- What is required: From the line holding "Silk Scarf, Collectible" through the line holding "Purple Flowers with" below, write out every line exactly; include both of those lines and drop the pictures.

Data records:
--- START ---
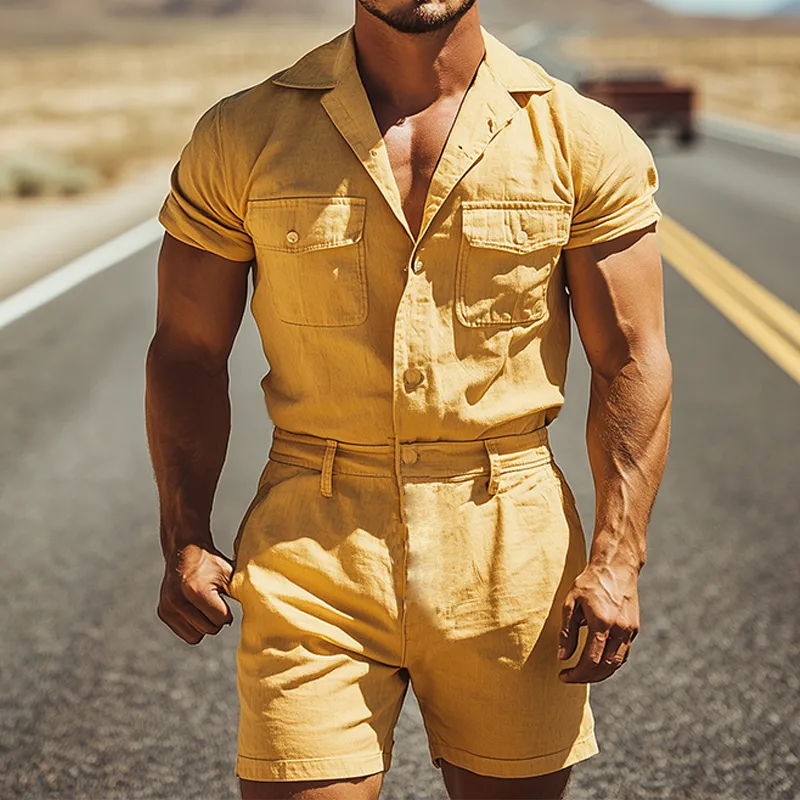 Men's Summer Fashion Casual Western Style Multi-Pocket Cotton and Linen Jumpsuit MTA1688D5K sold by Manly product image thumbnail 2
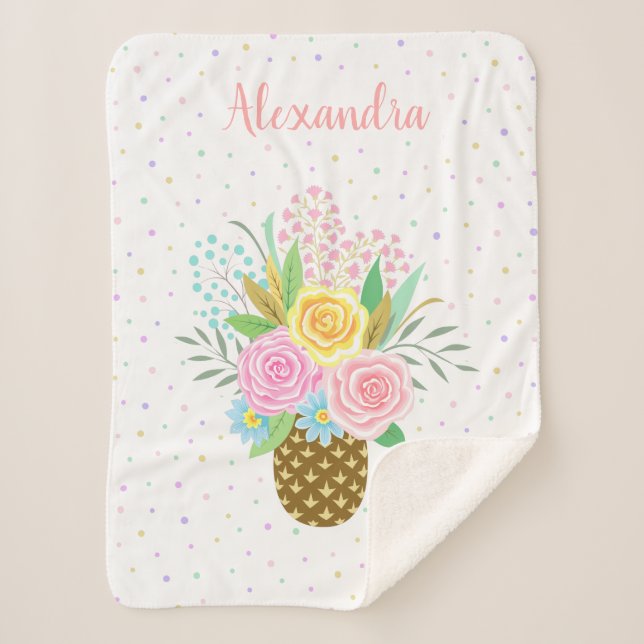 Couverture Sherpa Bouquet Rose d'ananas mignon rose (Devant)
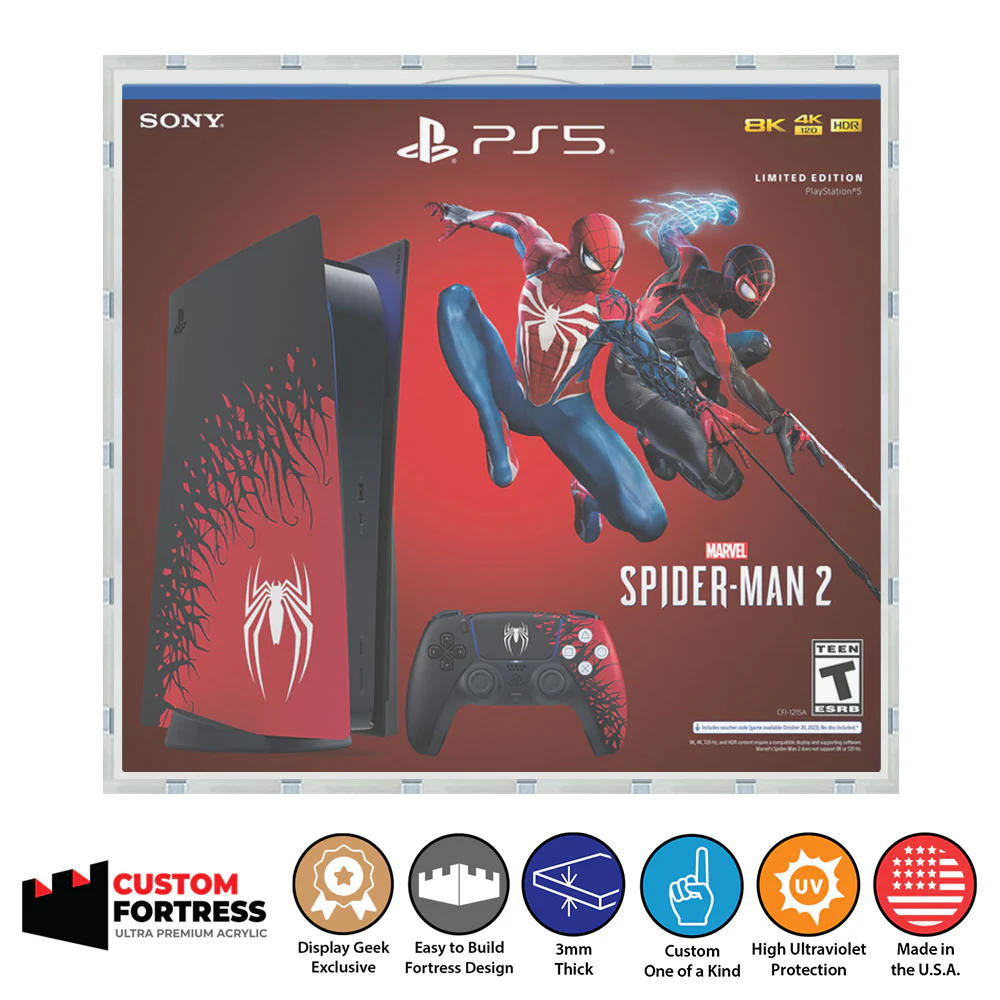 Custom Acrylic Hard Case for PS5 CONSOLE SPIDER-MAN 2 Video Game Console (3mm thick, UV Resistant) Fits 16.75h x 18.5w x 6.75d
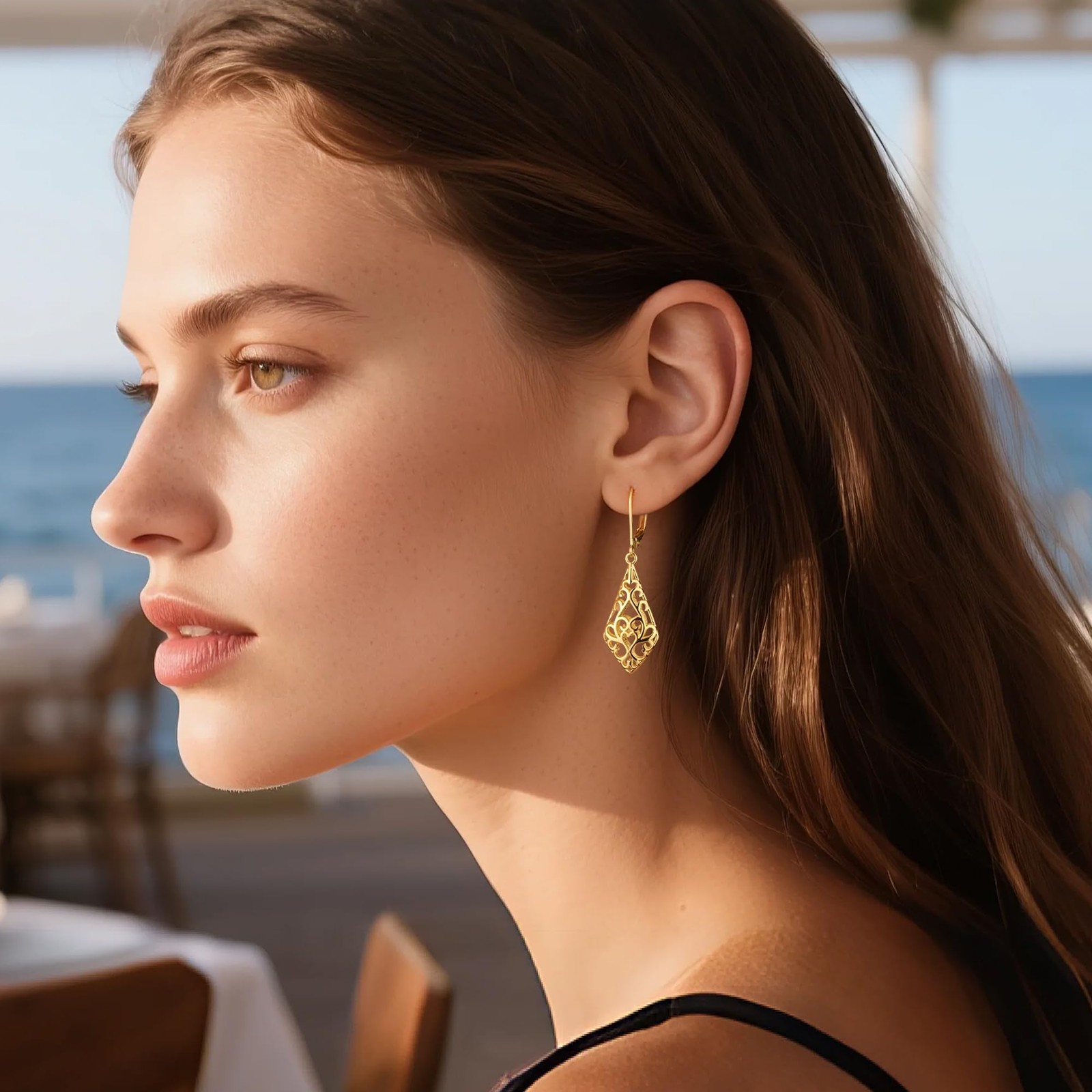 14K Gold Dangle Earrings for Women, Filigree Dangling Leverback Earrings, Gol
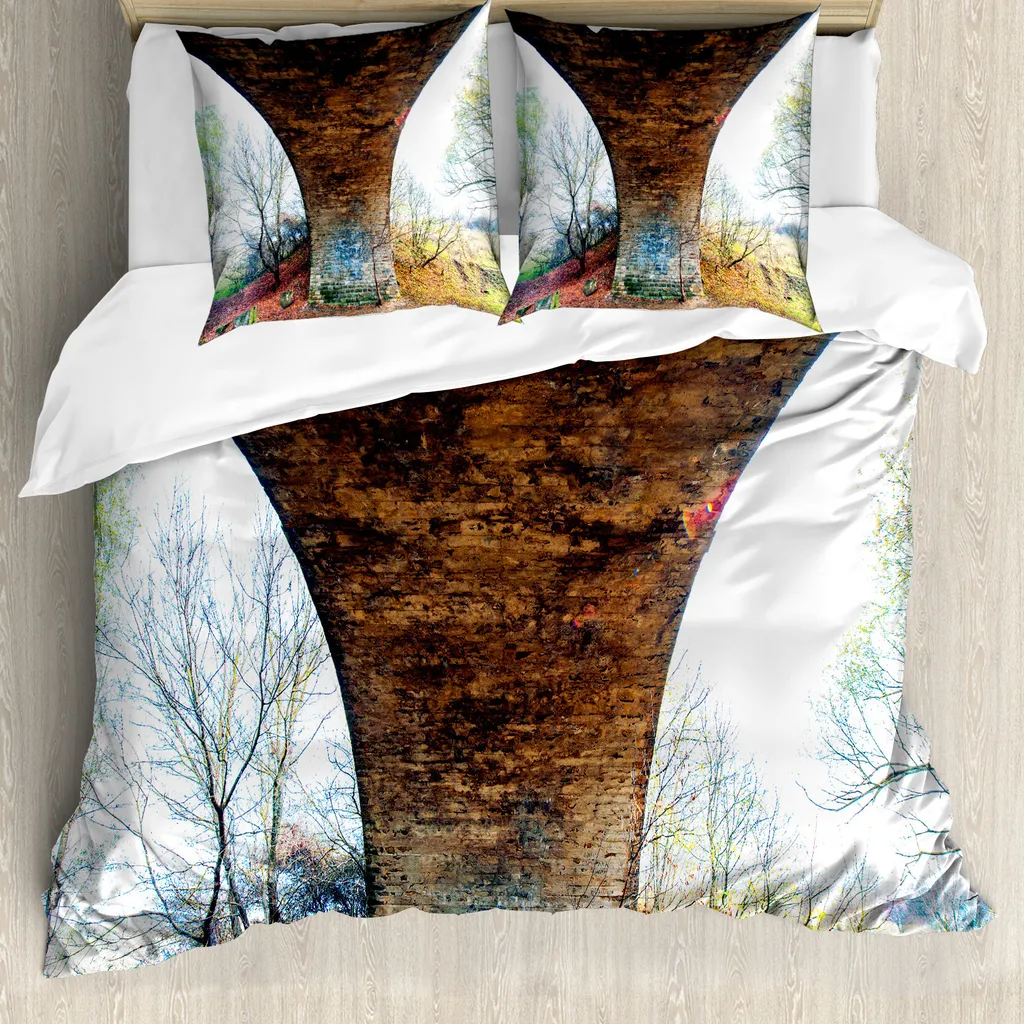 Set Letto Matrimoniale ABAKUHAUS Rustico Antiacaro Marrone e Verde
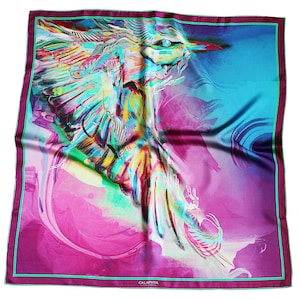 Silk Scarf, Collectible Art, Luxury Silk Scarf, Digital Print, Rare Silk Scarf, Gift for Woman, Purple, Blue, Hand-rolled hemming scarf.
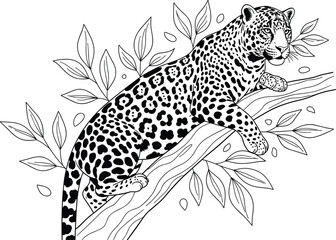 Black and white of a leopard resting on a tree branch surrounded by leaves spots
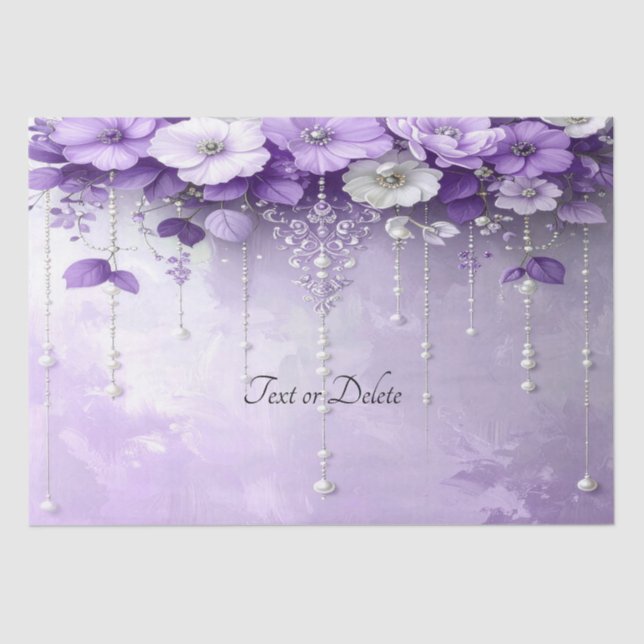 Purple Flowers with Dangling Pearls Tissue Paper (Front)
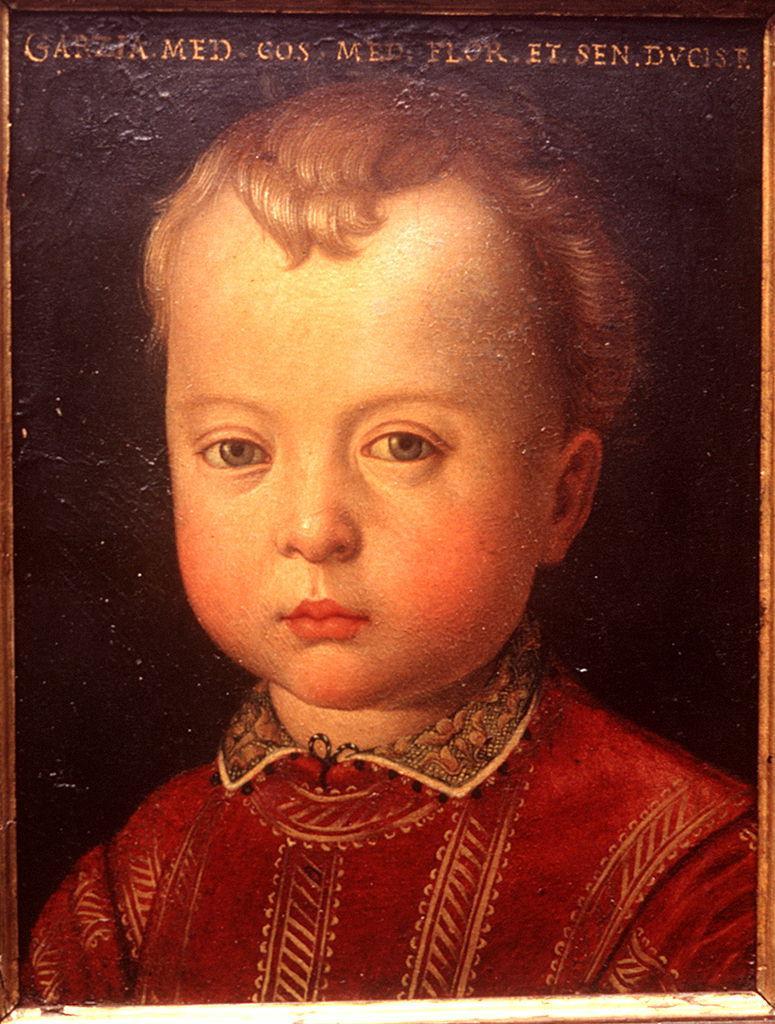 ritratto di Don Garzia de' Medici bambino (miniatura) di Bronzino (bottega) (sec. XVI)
--- END ---
- Result below:
 Silk Scarf, Collectible Art, Luxury Silk Scarf, Digital Print, Rare Silk Scarf, Gift for Woman, Purple, Blue, Hand-rolled hemming scarf.
 Black and white of a leopard resting on a tree branch surrounded by leaves spots
 Purple Flowers with Dangling Pearls Tissue Paper (Front)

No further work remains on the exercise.